**PROBLEM REQUIREMENTS**.
In the material below, pictures must be dropped. Repeat exactly, and only, the lines from the line with "电脑必玩的射击游戏排行榜（精选最好玩的射击游戏）" to the line with "You Can't Print Happiness Mug", both ends included.

**DATA TO USE**.
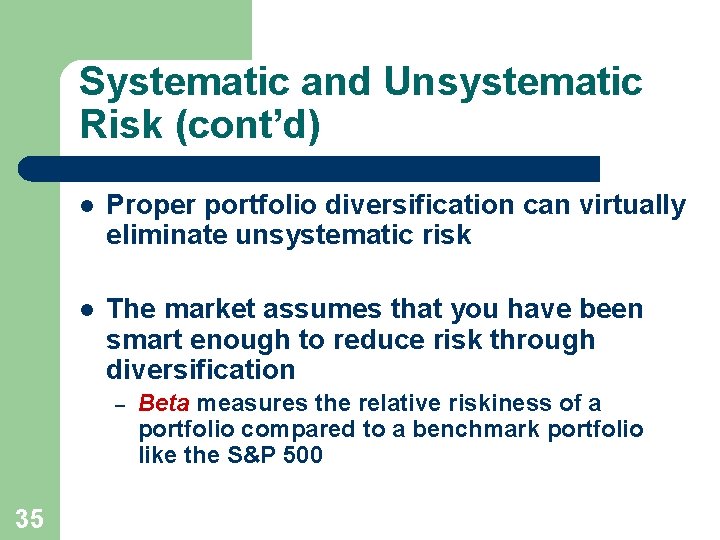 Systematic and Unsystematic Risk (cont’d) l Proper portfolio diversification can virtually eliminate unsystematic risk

--

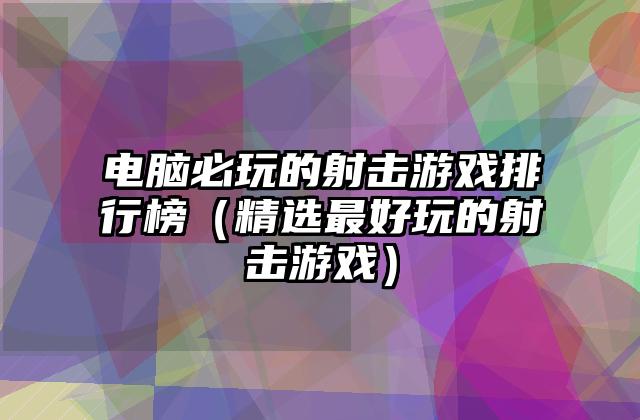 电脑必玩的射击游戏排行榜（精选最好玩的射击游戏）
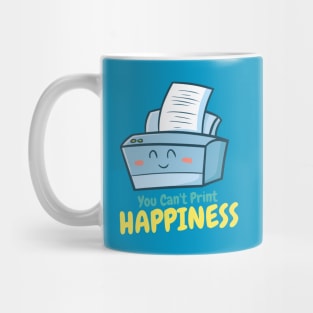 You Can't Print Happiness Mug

**RESPONSE BELOW**.
 电脑必玩的射击游戏排行榜（精选最好玩的射击游戏）
 You Can't Print Happiness Mug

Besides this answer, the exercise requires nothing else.